***** Source material

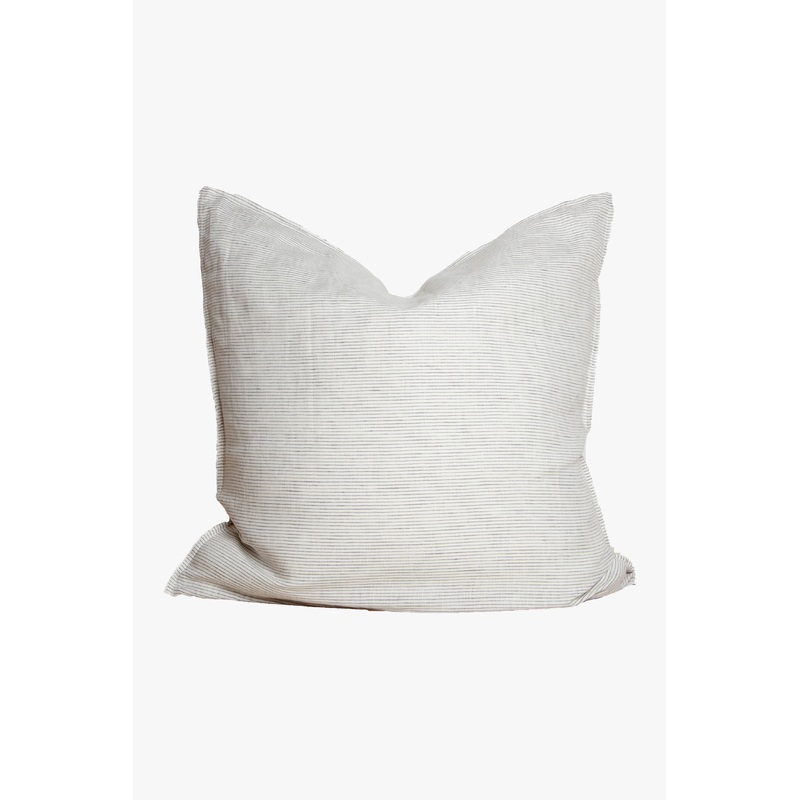 Linen Euro Pillowcase Charcoal Pinstripe 65 X 65cm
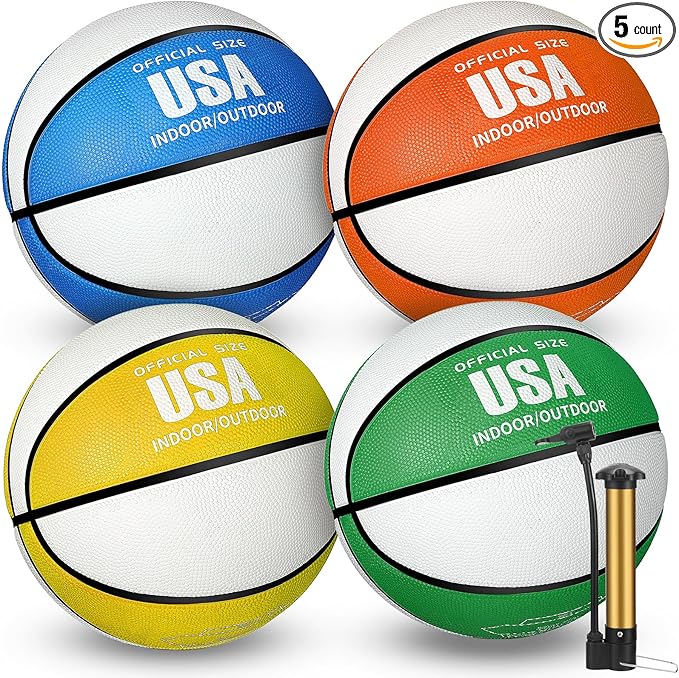 Libima 4 Pcs Rubber Basketball with Pump Official Size Indoor Outdoor Basketball Game Practice Training Kid Teen Women Men Streetbball Sport Gift Back to School
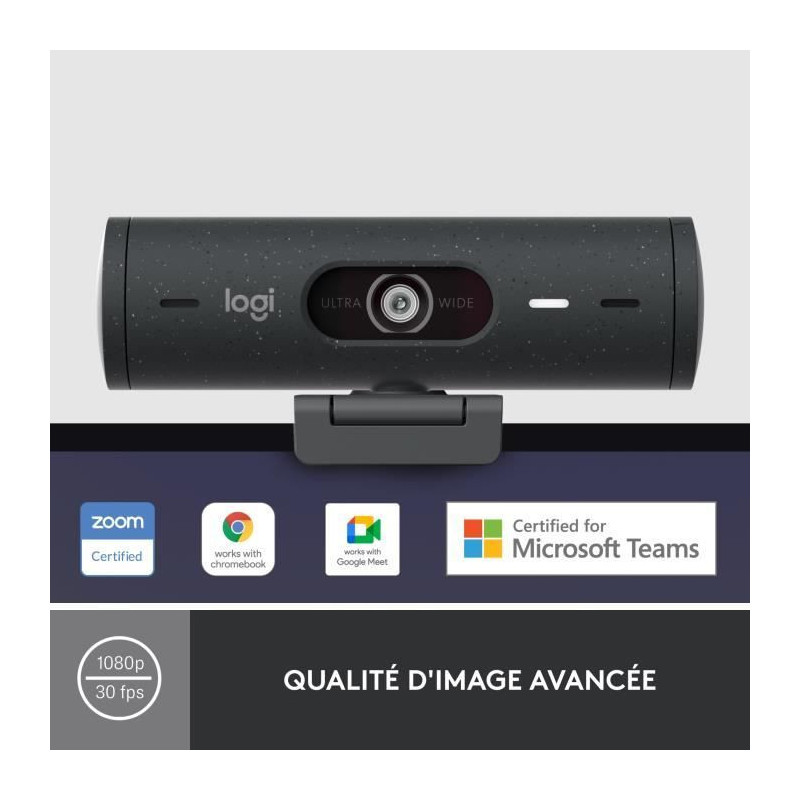 Logitech - Brio 500 HD webcam with Auto Expo - Graphite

**********

# Your assignment:
Repeat each line of the material, unaltered, from the first through the line with "Libima 4 Pcs", and include no pictures.

# Response to the task:
 Linen Euro Pillowcase Charcoal Pinstripe 65 X 65cm
 Libima 4 Pcs Rubber Basketball with Pump Official Size Indoor Outdoor Basketball Game Practice Training Kid Teen Women Men Streetbball Sport Gift Back to School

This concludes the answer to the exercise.